Most formats discussed above can be classified into two main categories: those wherein themes are chiefly expressed through ‘narrative’ (song texts, personal communication, press articles, biographies, lectures etc.), and those that centre on themes being ‘acted out’ (live performances in private and public spaces, film and stage productions, in a sense also pictorial presentations of performances such as photographs or drawings). The findings of this chapter suggest we call the first category ‘myth’ and the second ‘ritual’. Looked at from that point of view, myth and ritual do not appear as sequentially emerging opposites in an assumed thought–action dichotomy, which implies either that rituals are the purely physical enactment of pre-existing mythical ‘scripts’, or vice versa, that myths are stories rationalizing pre-existing ‘irrational’ magic rites (for a critique of such dualistic theories of myth and ritual, cf. Bell 1992, 30–46). Instead, the terms ‘myth’ and ‘ritual’ denote here distinct but complementary discursive modes, each of which involves an emphasis on specific formats. No claim is made about their being causally related. Rather, they can be called ‘consubstantial’ in that they communicate the same conceptual substance in different ways. The discourse on rebetiko is constructed of patterns of interlocking narrative and performative statements. Despite their interpenetration, however, I think that distinguishing between discursive modes or classes of formats helps one better understand how myth and ritual are grounded in – and shape – what we call ‘reality’.
A concrete example may help us to pin down the foregoing ideas more precisely. The story begins on a Monday afternoon, 31 January 1949. A young composer named Manos Hadjidakis lectures on rebetiko to a full auditorium at the Athens Art Theatre, then housed at 7 St George Karitsis Square, a place where lovers of avant-garde stage plays and chamber music recitals feel at home. Admission is free. Among the audience are many young women of society, who would probably never set foot in one of the cheap tavernas down in Piraeus and other less reputable districts where rebetiko is normally performed. Have they come not to hear what Hadjidakis has to say, but to see the legendary buzuki player Markos Vamvakaris who will spice up the lecture with a short live intermezzo, accompanied by the female singer-guitarist Sotiria Bellou?

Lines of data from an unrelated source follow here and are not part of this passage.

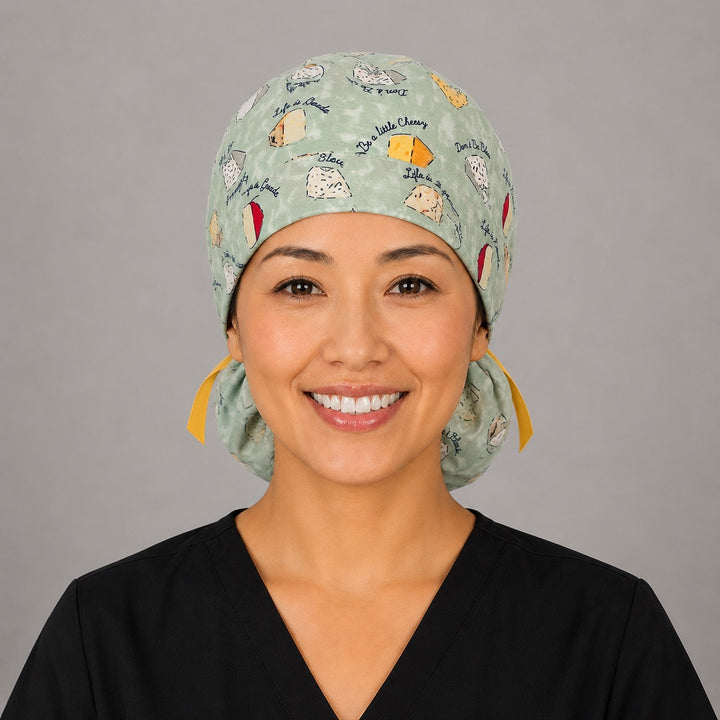 Woman wearing funny cheese pun ponytail scrub cap, front view smiling with cheese wedges, Life is Gouda sayings on sage green and yellow ribbon tie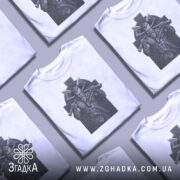 Футболка воїн вікінг білого кольору, зображена з фронтального ракурсу на манекені, фон світло-сірий, принт зображає потужного вікінга з сокирами на фоні кельтського хреста.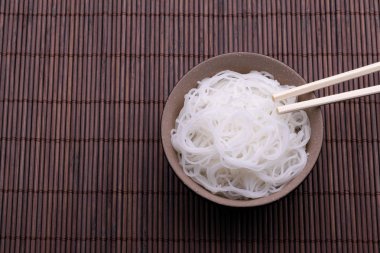 Pişmiş pirinç erişte ahşap arka plan üzerinde izole çubukları ile kase Tay tarzı.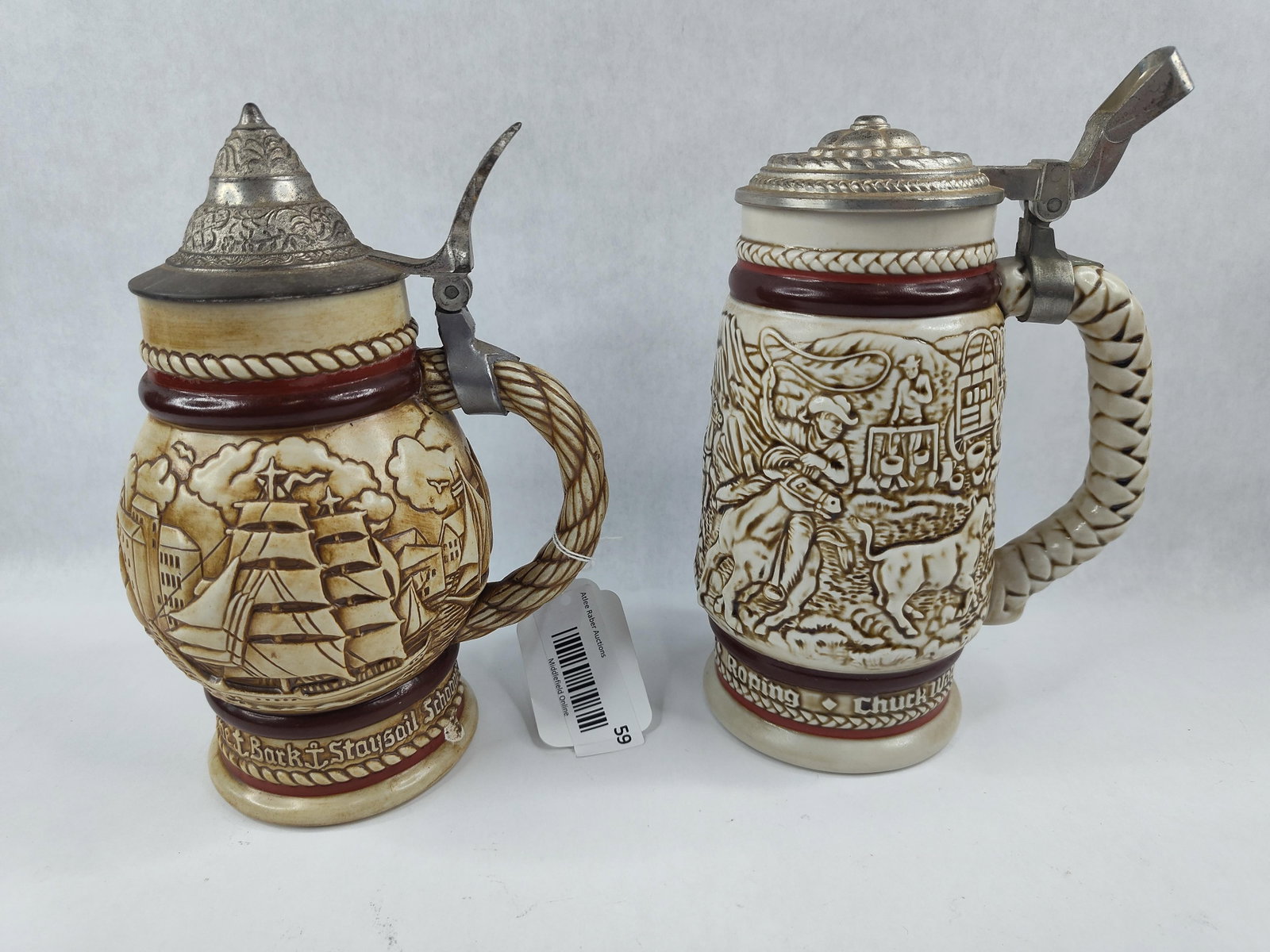 Pair Avon Ceramarte Lidded Beer Steins: Two collectible ceramic beer steins produced by Ceramarte in Brazil exclusively for Avon Products, Inc. The first vessel, produced in 1977, features a Great Ships maritime theme. The body showcases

Nightlife in the capital, it seems, has regained its pre-war vibrancy, although the countryside is still haunted by the spectre of civil war, which broke out in December 1944 after a mass demonstration in downtown Athens by members of the Greek Communist Party (KKE) and the National Liberation Front (EAM), an underground resistance movement during the Axis occupation of Greece, had turned into a riot. Since its foundation in 1948, the Central Radio Station of the Greek Armed Forces keeps broadcasting music programmes which owe their popularity to the high proportion of rebetiko songs they comprise (cf. Kliafa 2004, 104). In the daily and periodical press of the time, however, articles with rebetiko-related content are anything but abundant. Perhaps under the circumstances there are more important (or appropriate) things to write about. Those who do publicly comment on rebetiko, however, are often prominent composers, musicologists and music critics of various political colours (e.g. Varvoglis 7 VII 1946; Anoyanakis 28 I 1947; Xenos 4 II 1947; Spanoudi 13 I 1949; Kokkinos 21 II 1949; Theodorakis 1949). Their texts leave one with the impression that rebetiko is very popular among ordinary people, probably not only of the lower social classes (in his lecture, Hadjidakis himself talks about ‘the outspread of rebetiko in the last two years’), whilst its cultural and ethical value, and especially its representativeness of ‘the Greek people’, are bones of contention among the connoisseurs of serious music.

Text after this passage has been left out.